Reproduce word for word the line holding "Pu&ograve; includere: Fili" and all lines after it in the data, through the end, leaving out pictures.

[Captioned web image data]
____________________
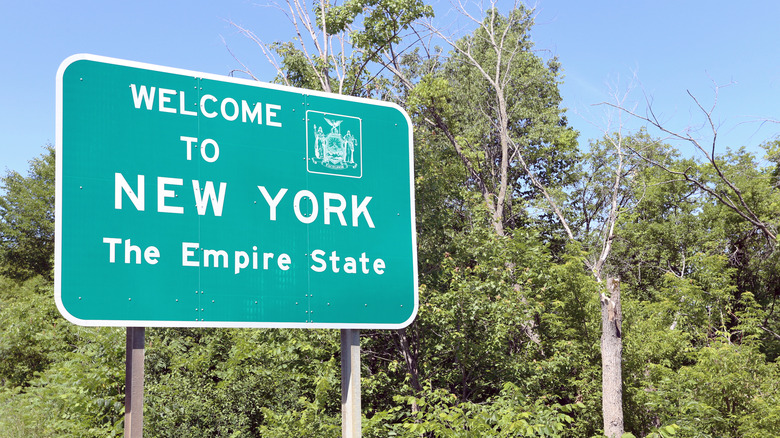 Green road sign saying "Welcome to New York The Empire State."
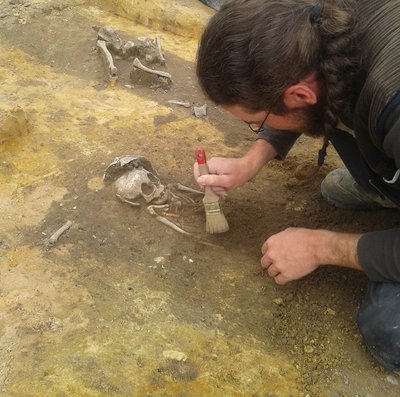 Ein Archäologie kniet auf dem Boden und legt mit einem Pinsel ein Skelett frei.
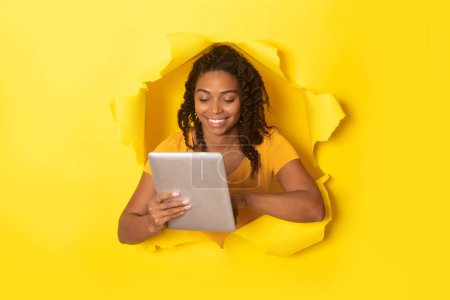 Foto de Positive black lady using digital tablet, posing in hole in torn paper on yellow background, studio shot, collage. Communication, great application concept - Imagen libre de derechos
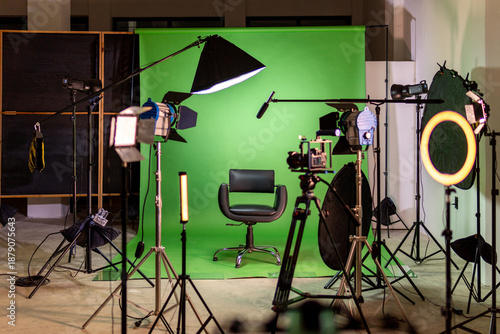 Studio set with green screen and filming equipment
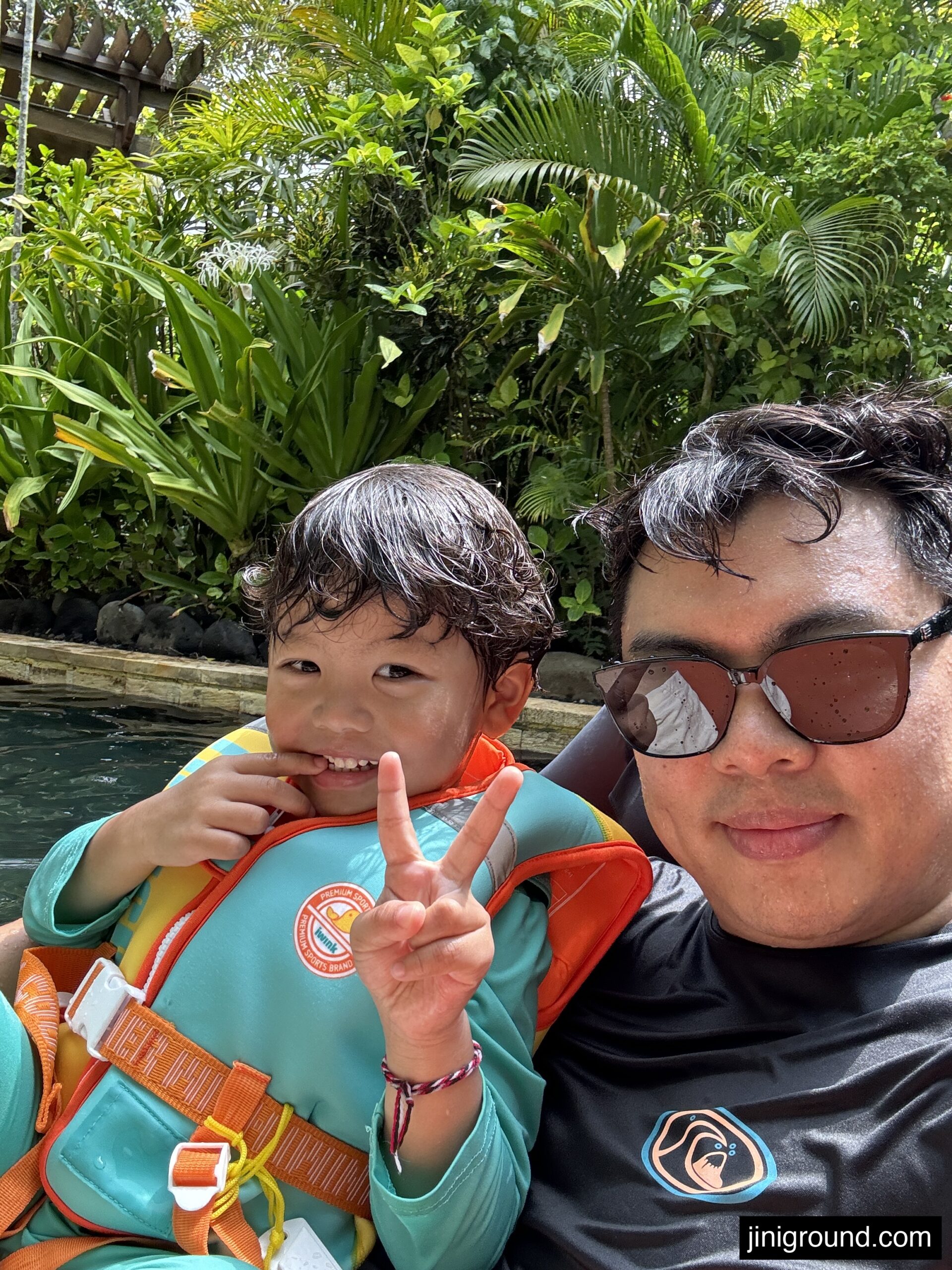 Family wearing sunglasses in tropical Waterbom Bali water park setting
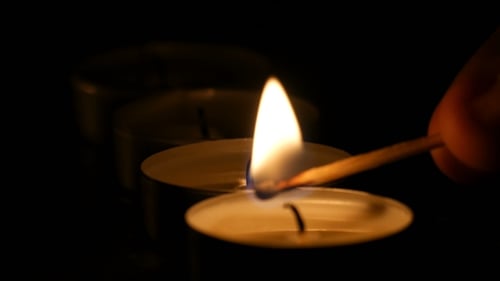 Candles Lit in Darkness with Match Flame
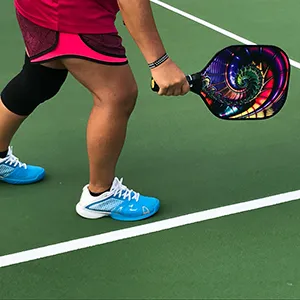 Person holding a pickleball paddle. 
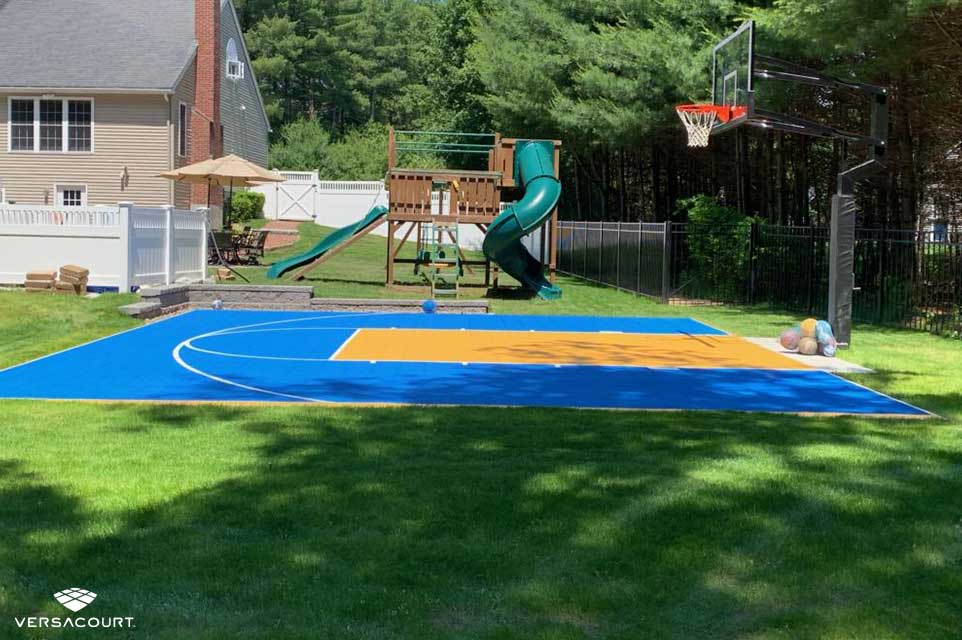 Backyard playground featuring a VersaCourt basketball court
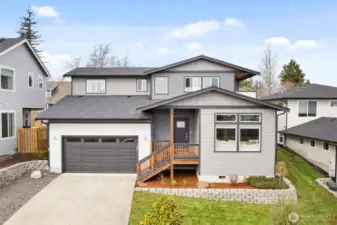 Welcome to 2080 Bakerscape. Better than new home perched up to enjoy expansive views.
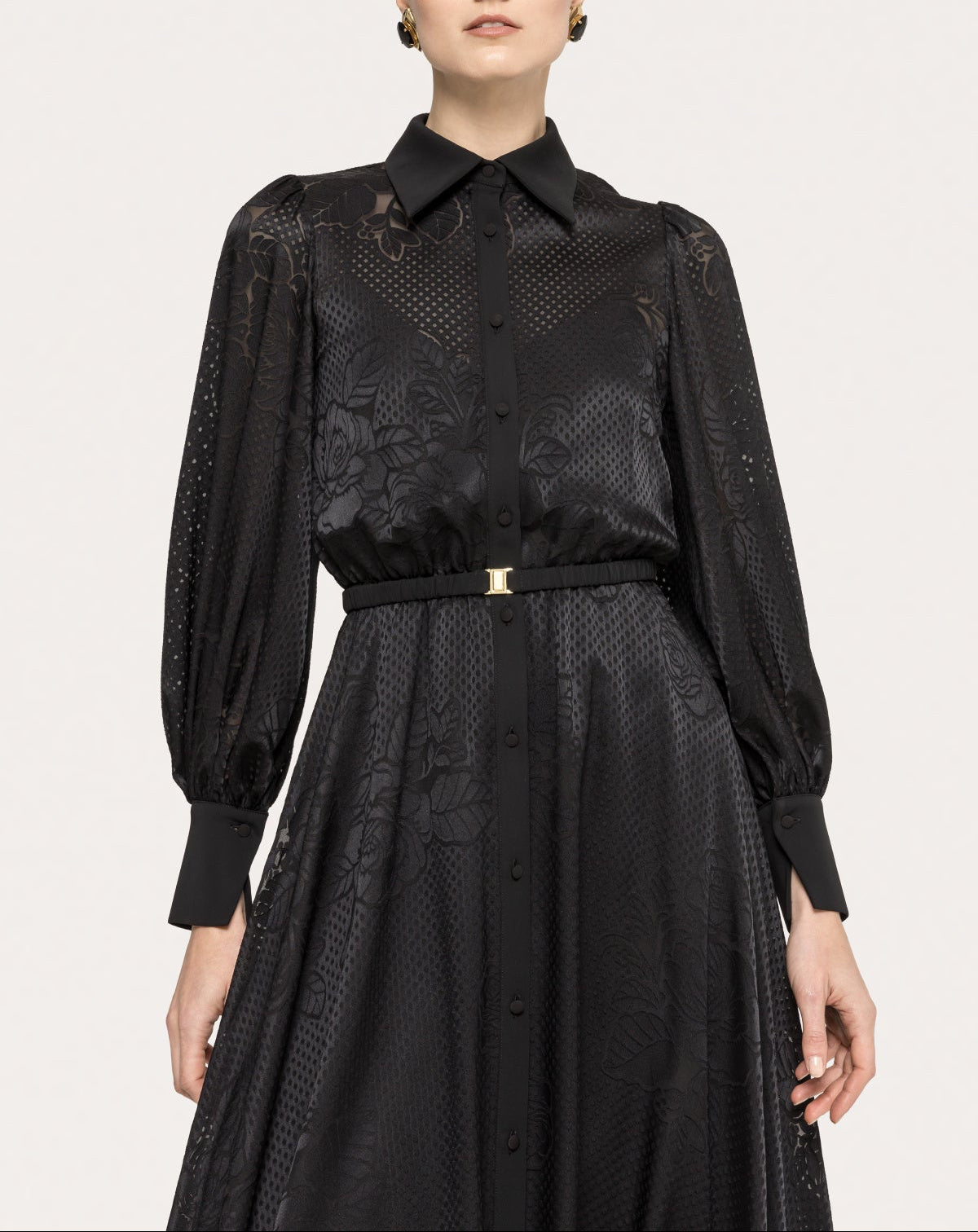 Close-up of a black tonal floral midi cocktail dress with pointed collar, covered placket, and waist belt
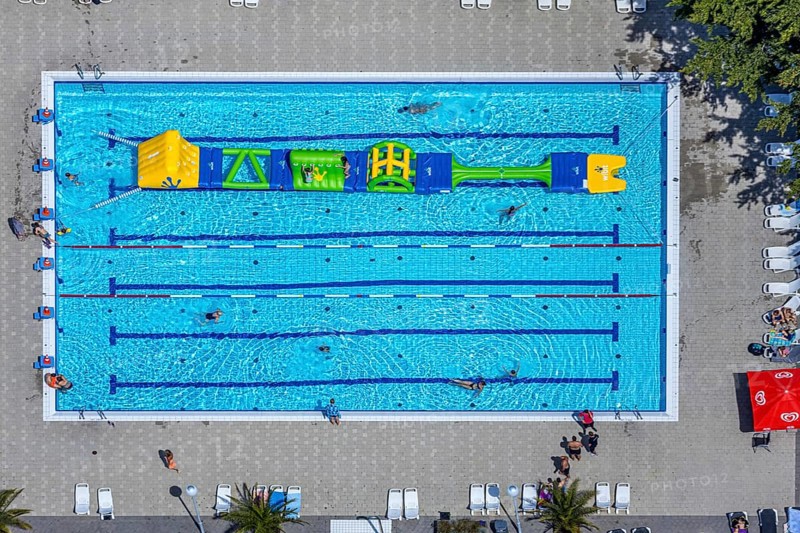 Aerial view, adventure pool, Aqua Spa and Aqua Fun Soest, outdoor pool, bathers, Soest, Soester Börde, North Rhine-Westphalia, Germany, DE, Europe, birds-eyes view, aerial view, aerial photography, aerial photography, overview, overview, bird's eye view, corona distance, keeping distance, swimming pool with Suan, sauna park, swimming pool, swimmer, blue water, sunbathing lawn, parasols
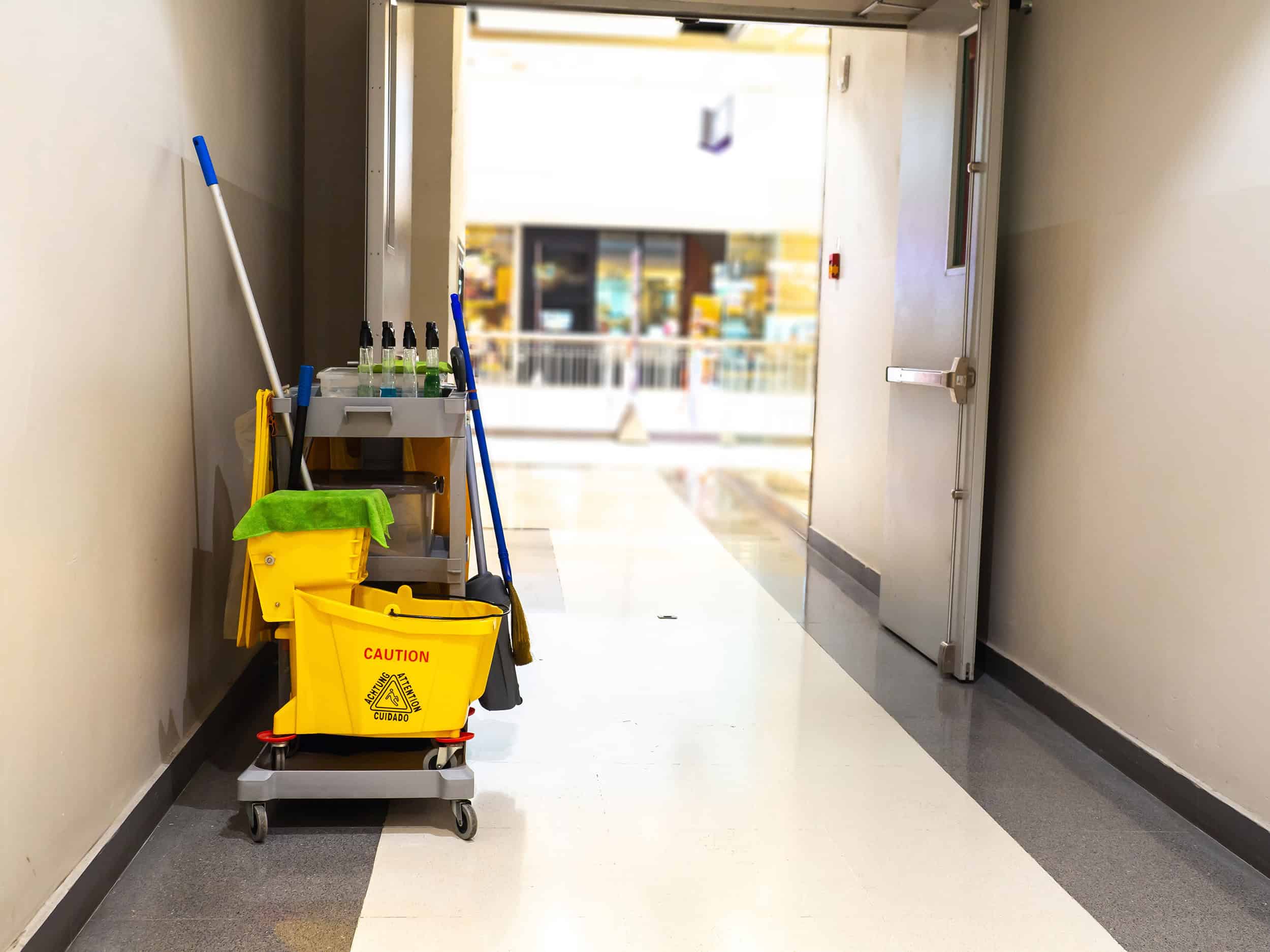 Cleaning equipment set to the side in a shopping centre hallway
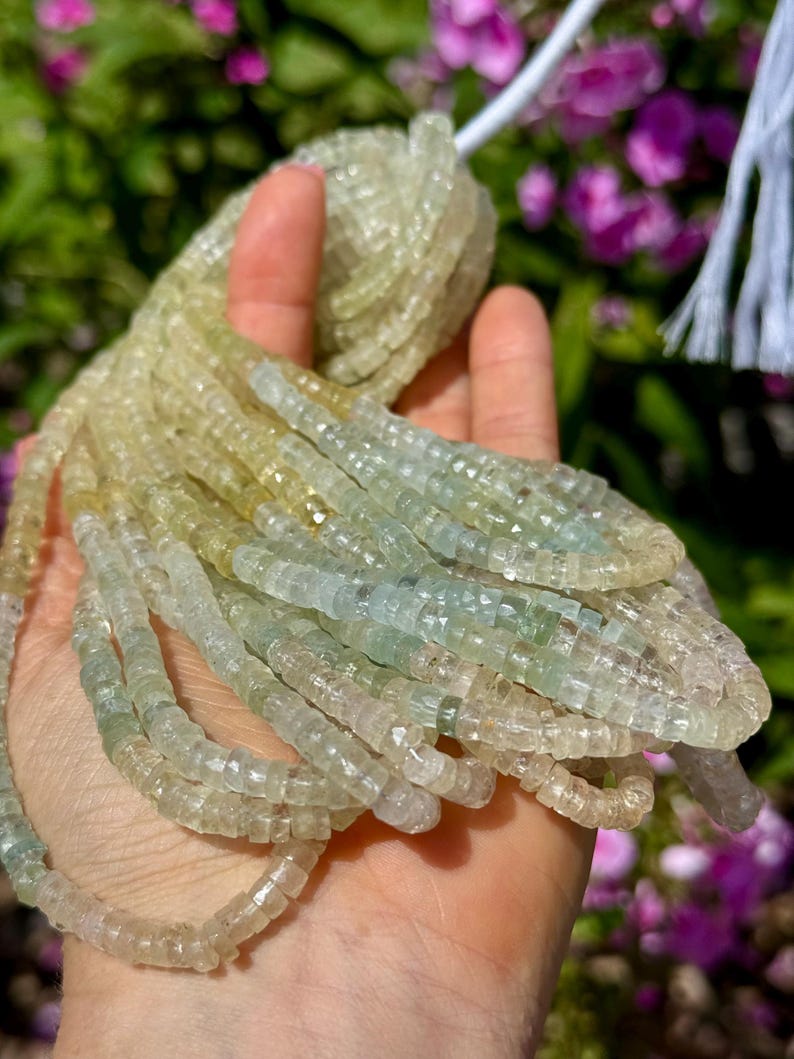 Pu&ograve; includere: Fili di perline di pietre preziose verde chiaro e giallo. Le perline sono piccole, tagliate a forma quadrata e infilate insieme. Le perline sono tenute in una mano, con un filo bianco visibile in alto. Lo sfondo &egrave; sfocato, con accenni di verde e viola.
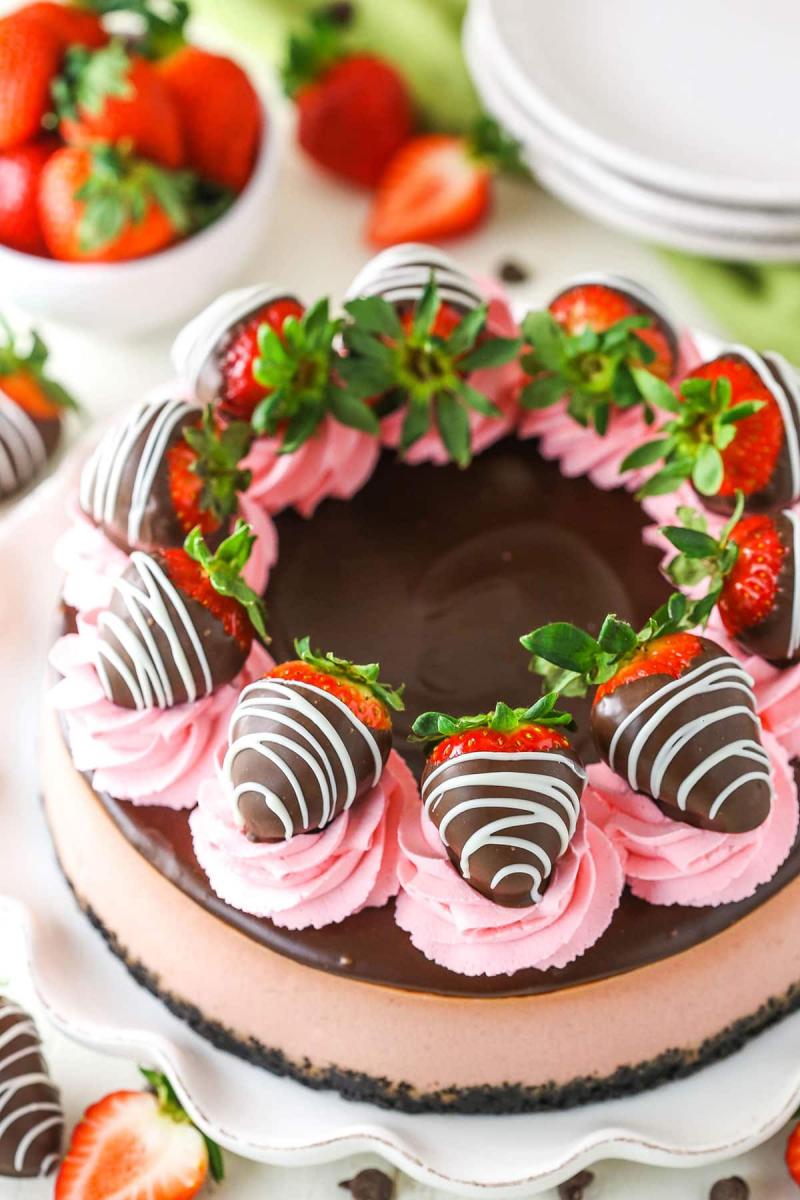 Chocolate covered strawberry cheesecake decorated with swirls of pink strawberry frosting and chocolate covered strawberries.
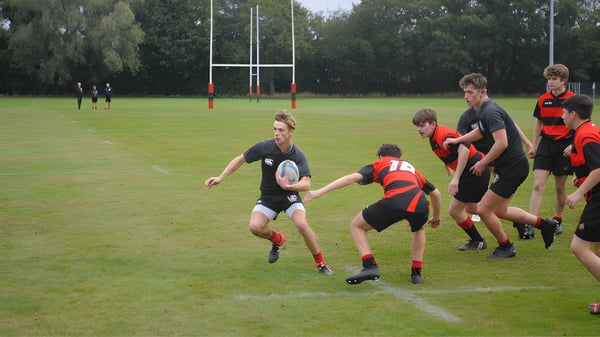 Rugbyspieler der St. Christopher School in roten und schwarzen Trikots spielen auf einem Spielfeld mit Torpfosten.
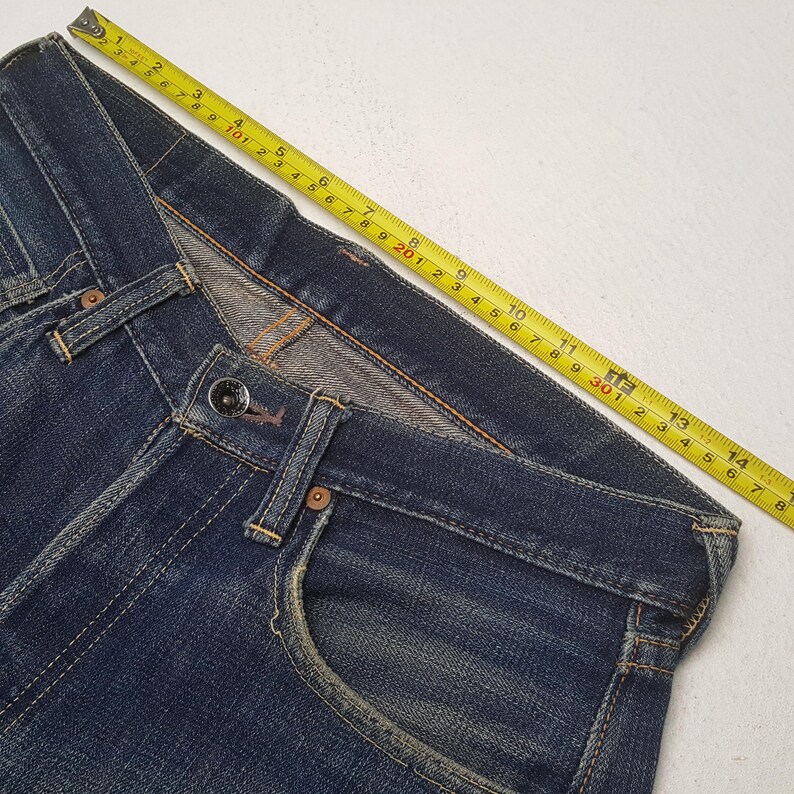 May include: Dark blue denim jeans featuring a metal button closure, front pockets, and visible stitching. A yellow measuring tape is placed along the waistband, indicating a measurement of approximately 14.75 inches across the top edge.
____________________
### Written response
 Pu&ograve; includere: Fili di perline di pietre preziose verde chiaro e giallo. Le perline sono piccole, tagliate a forma quadrata e infilate insieme. Le perline sono tenute in una mano, con un filo bianco visibile in alto. Lo sfondo &egrave; sfocato, con accenni di verde e viola.
 Chocolate covered strawberry cheesecake decorated with swirls of pink strawberry frosting and chocolate covered strawberries.
 Rugbyspieler der St. Christopher School in roten und schwarzen Trikots spielen auf einem Spielfeld mit Torpfosten.
 May include: Dark blue denim jeans featuring a metal button closure, front pockets, and visible stitching. A yellow measuring tape is placed along the waistband, indicating a measurement of approximately 14.75 inches across the top edge.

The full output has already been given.